Prueba: BMW i3

Hoy vamos a hablar de un vehículo que, sobre el papel, podría verse como poco apetecible para cualquier aficionado a los vehículos deportivos: relativamente alto, con aspecto de pequeño monovolumen, neumáticos estrechos que no hacen esperar demasiada potencia y, la clave de todo: eléctrico. Sin embargo, tras tener la suerte de conducirlo en el roadshow de presentación, os puedo decir que me pareció divertido, ágil y rápido. ¿Cómo es posible tal diferencia entre la primera impresión y la opinión que tengo tras probarlo? Vamos a entrar en detalles porque este BMW i3 lo merece.

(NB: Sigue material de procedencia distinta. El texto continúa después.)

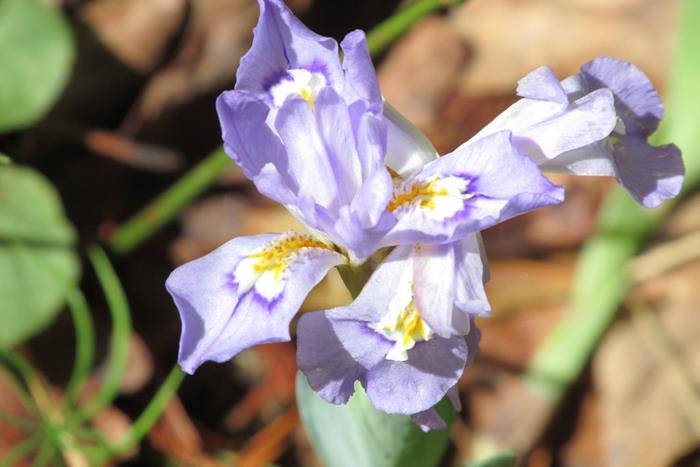 Dwarf Crested Iris!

La mirada del i3 viene definida por sus faros LED

La mirada del i3 viene definida por sus faros LED

En primer lugar, debemos destacar que el i3 es el comienzo de una importante estrategia en el seno de los de Baviera. Así como la M designa a los vehículos más deportivos de la marca, la i es el sello familiar de los vehículos eléctricos e híbridos con los que BMW quiere revolucionar el mercado. Los dos primeros invitados a esta fiesta son el i3 y el i8, similares en conceptos básicos pero ciertamente diferentes en el resultado final.

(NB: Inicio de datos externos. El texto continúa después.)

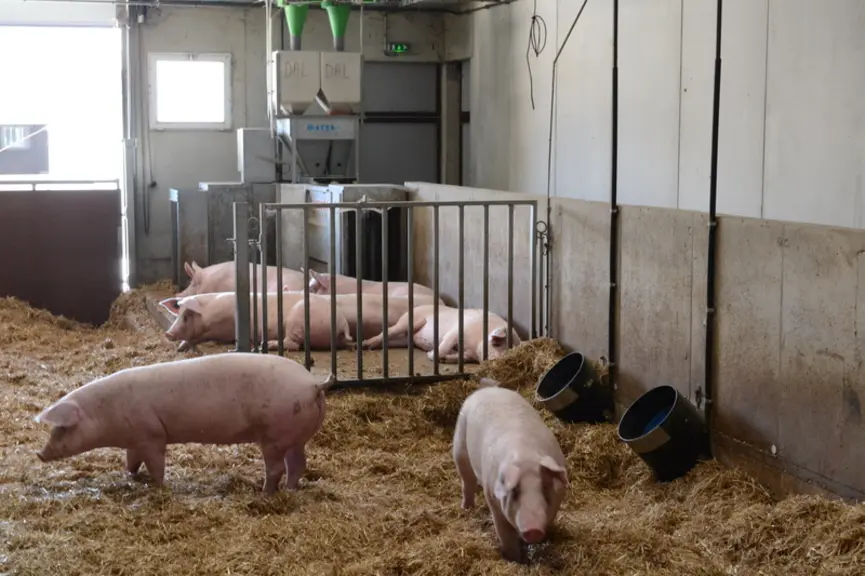 Une bande sur trois est alimentée au DAC, sur paille ou sur caillebotis. Dans ce cas, la conduite sans verrterie nécessite un local annexe pour faire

El anagrama i3 se sitúa bajo los LED traseros

La tecnología LED está presente también en los faros traseros

Eso sí, es importante analizar el BMW i3 como lo que es y no como lo que nos gustaría que fuese. Me explico. El i3 es un automóvil pensado para el uso diario en trayectos cortos o medios, los que la mayoría de nosotros realizamos en el día a día para ir a trabajar, ir al supermercado, quedar con amigos… Pero si lo que estás buscando es un vehículo para viajar los fines de semana a Alicante, o un juguete con el que disfrutar una mañana de domingo, o un sustituto a ese coche al que por motivos de trabajo le haces al año 80000 km, sin duda éste no es tu coche.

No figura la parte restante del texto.